History tells a very different story. By the time President Bush left office in January 2009, 4,539 American servicemen and women had lost their lives, and nearly 31,000 had been wounded in the Iraq War. The Iraqi toll—civilian and military—was exponentially higher, leaving a nation shattered and a region destabilized.
What makes this tragedy even more troubling is the absence of any direct Iraqi involvement in the events of September 11, 2001. Not a single Iraqi national participated in the attacks, nor was Saddam Hussein or his government implicated. Why, then, was war imposed upon Iraq?
The American government offered two justifications: first, that Saddam Hussein was linked to the 9/11 attacks, and second, that Iraq possessed—or was on the verge of developing—weapons of mass destruction. Both claims later collapsed under scrutiny.
In truth, the roots of the invasion stretch further back.
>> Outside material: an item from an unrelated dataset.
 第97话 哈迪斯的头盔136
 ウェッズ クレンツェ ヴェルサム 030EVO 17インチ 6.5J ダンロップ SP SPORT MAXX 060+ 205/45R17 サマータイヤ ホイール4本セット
In 1998, during President Bill Clinton’s administration, a letter signed by several prominent Republicans urged the removal of Saddam Hussein to safeguard American interests in the Gulf and ensure the security of Israel and other allied Arab states. When George W. Bush assumed office, Paul Wolfowitz, then Deputy Secretary of Defense, advocated striking Iraq as soon as “the right way” could be found. Around the same time, Pentagon consultant Michael Ledeen bluntly remarked that every decade or so, the United States needed to “pick up some small crappy little country and throw it against the wall” to demonstrate its power.
Such thinking was reinforced by deeply troubling rhetoric. Senator Lindsey Graham once framed global conflict in starkly religious terms, portraying Islam itself as an existential enemy that could not be negotiated with or accommodated. Statements of this nature did not merely justify war abroad; they also legitimized fear, suspicion, and hatred at home.
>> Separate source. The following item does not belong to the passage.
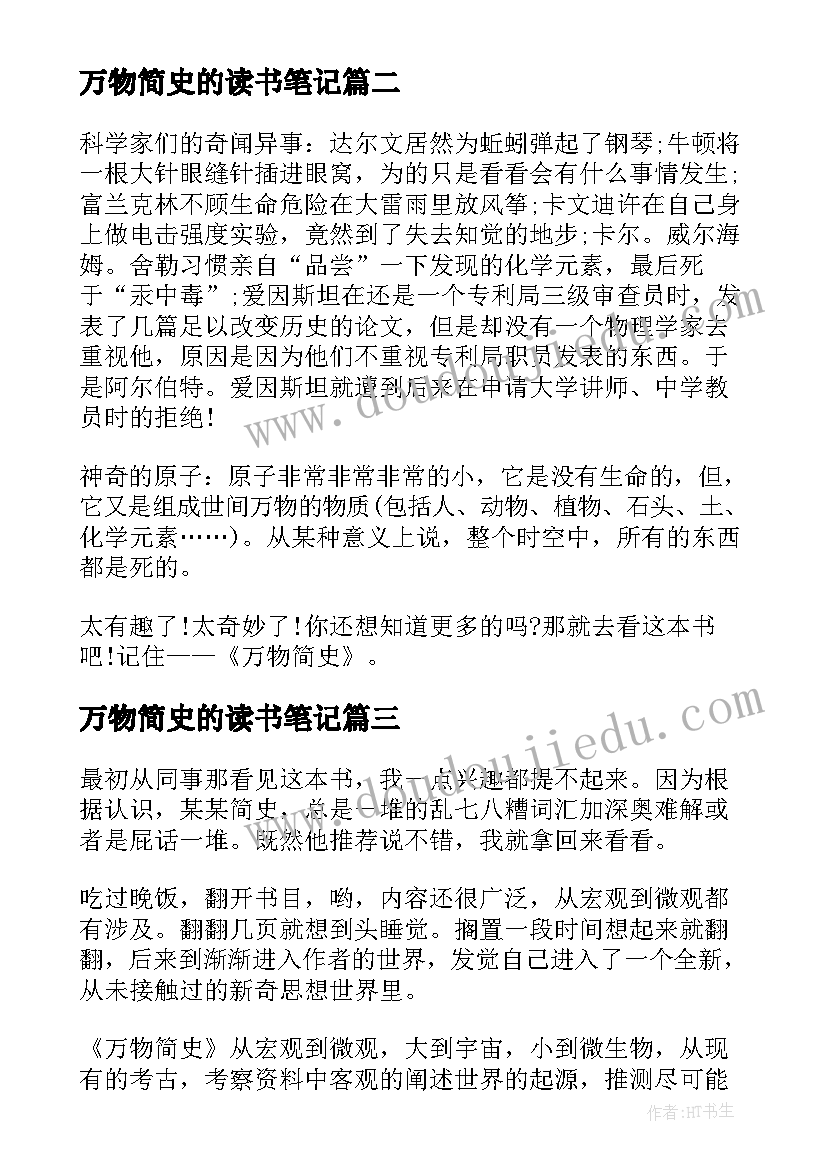 最新万物简史的读书笔记(汇总5篇)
The consequences of this mindset are now visible across the world. With each passing day, planet Earth is becoming a more dangerous place. Followers of the Abrahamic faiths—Judaism, Christianity, and Islam—find themselves locked in cycles of mistrust and violence. Even within these communities, internal divisions frequently erupt into conflict when an external enemy is absent.
At this critical juncture, the responsibility of religious leadership becomes paramount—particularly within the Muslim world. Muslim clerics hold immense moral influence over their communities. Their words can either soothe wounded hearts or inflame already smoldering resentments.
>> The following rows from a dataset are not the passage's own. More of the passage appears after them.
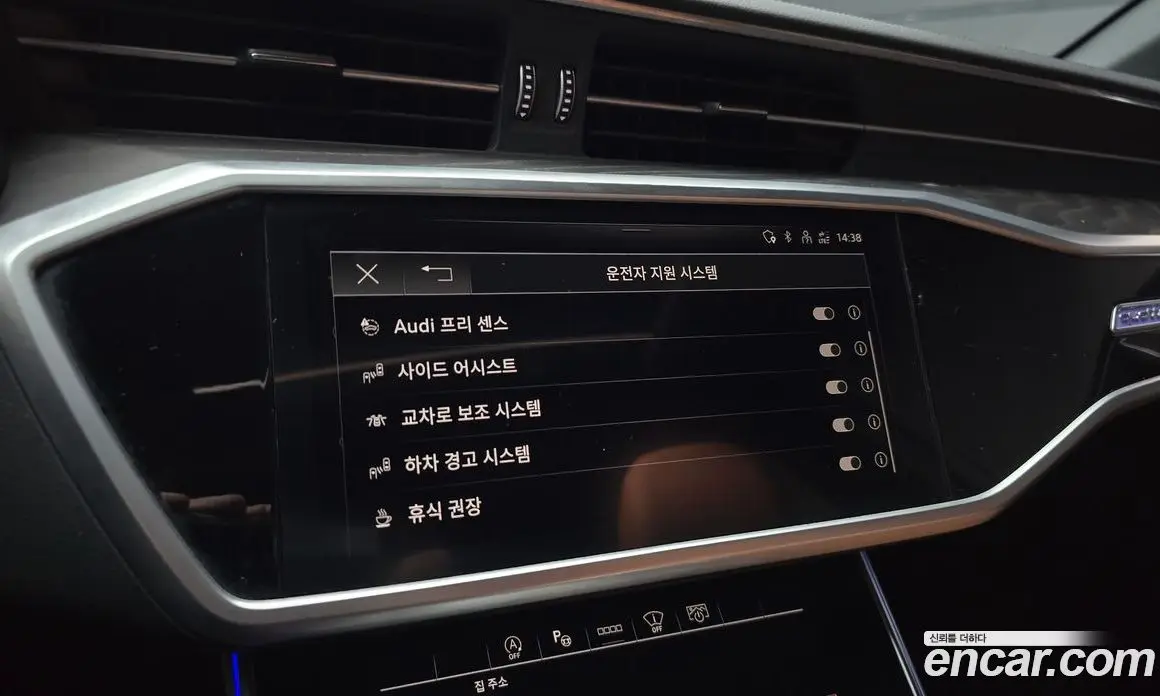 Audi A6 2023 2.0 автомат (гидро), фото 23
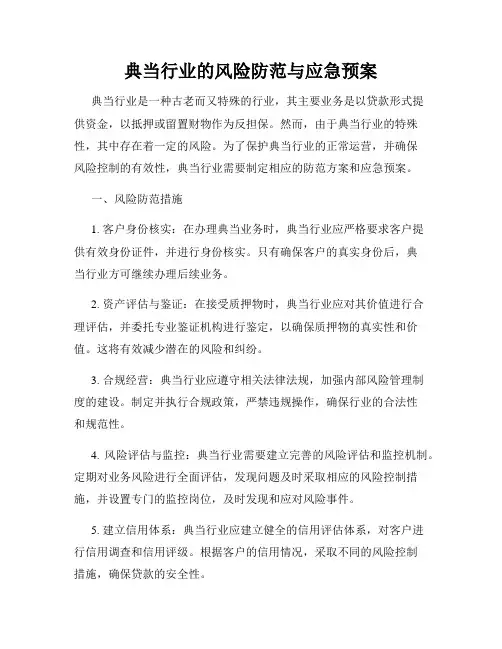典当行业的风险防范与应急预案
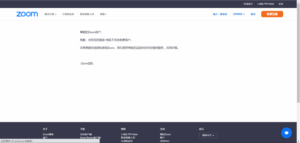 遇到my.telegram.org错误，我竟然做了这件事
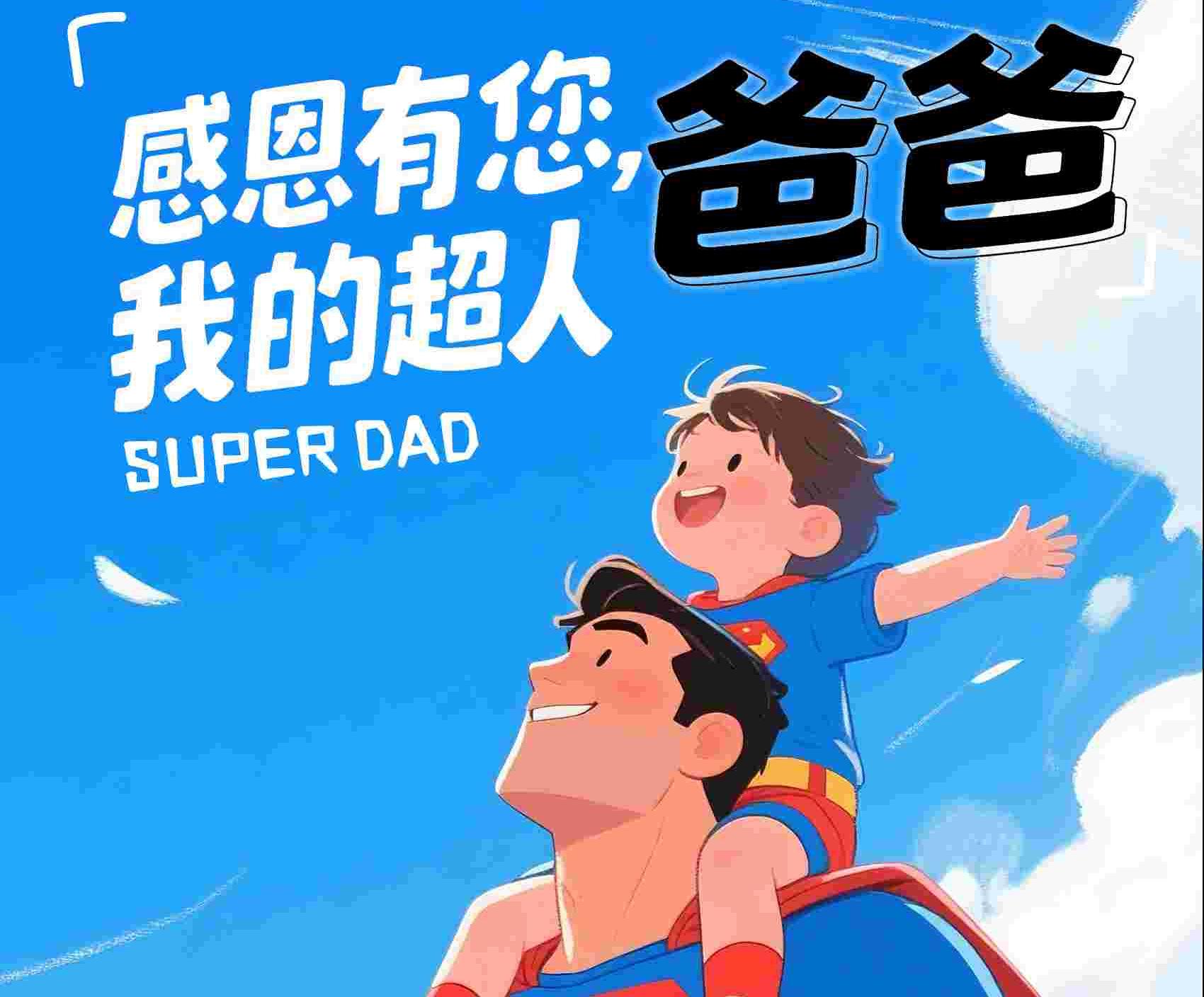 首页-KY开元游戏集团官网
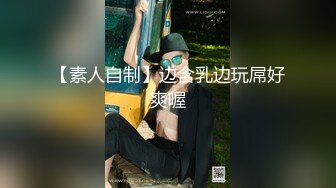 【素人自制】边含乳边玩屌好爽喔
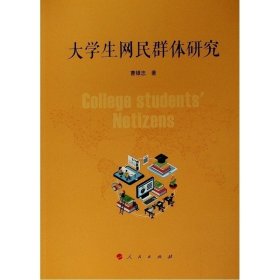 大学生网民群体研究 曹银忠 9787010209173 人民出版社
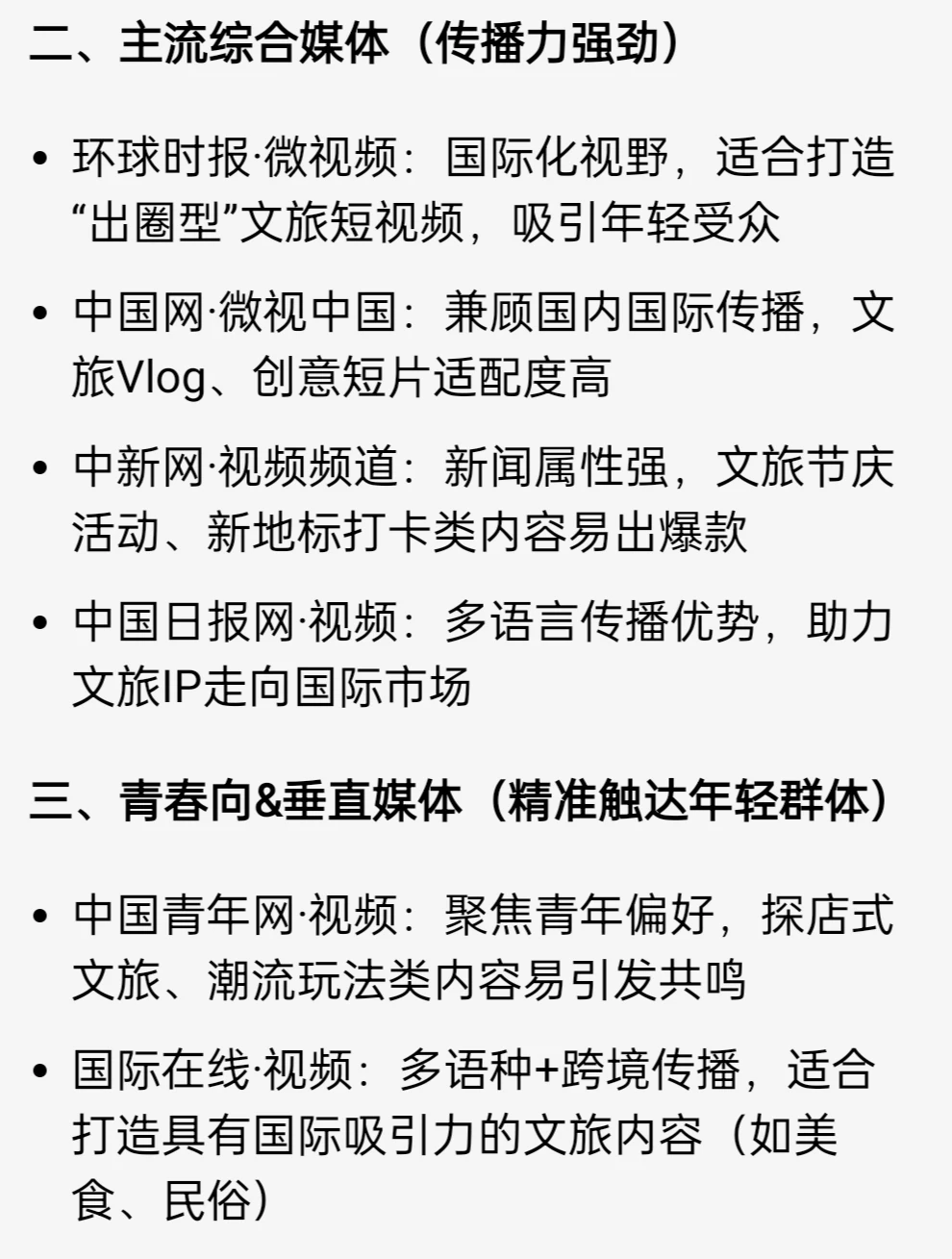 文旅视频怎么发才出圈？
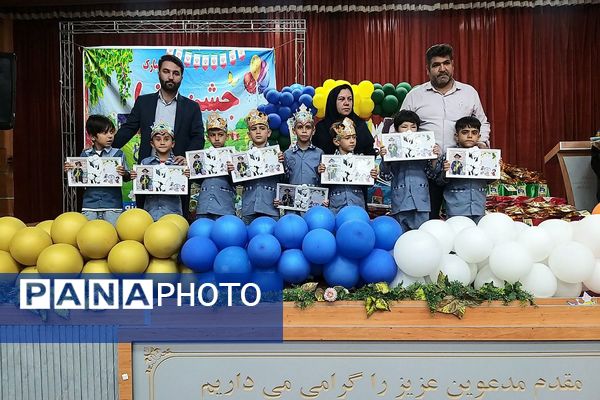 برگزاری جشن الفبای پسران دبستان شهدای غزه در کانون ملائک شهرستان قرچک با حضور گروه نمایشی روناک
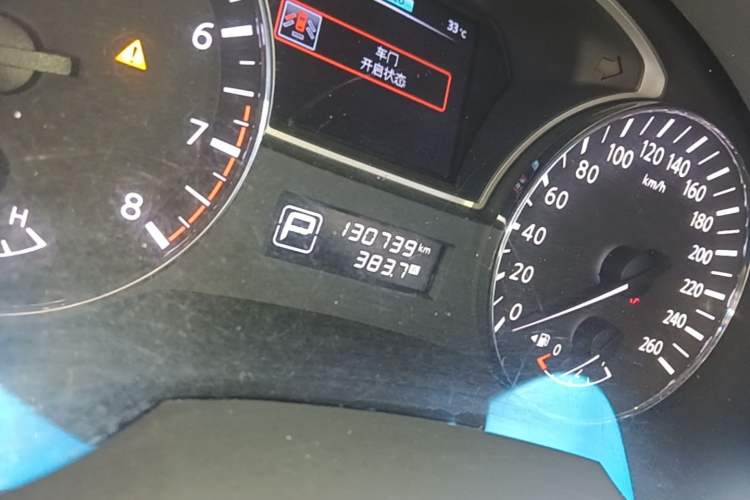 Used Nissan Teana 2016 Revised Version 2.0L XL Comfort Edition Odometer Close Up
This is not a call for surrender, silence, or the abandonment of faith. Rather, it is an appeal for wisdom. The Qur’an repeatedly emphasizes justice, restraint, and mercy, even in times of adversity. Fueling hatred—whether toward other faiths or among fellow Muslims—only serves the interests of those who profit from endless conflict.
In a world eager to divide, religious leaders must choose to heal. By promoting dialogue over denunciation, understanding over anger, and shared humanity over rigid hostility, Muslim clerics can play a vital role in preventing future generations from inheriting a planet permanently at war with itself.
True strength lies not in perpetual confrontation, but in moral clarity, patience, and the courage to rise above the politics of fear.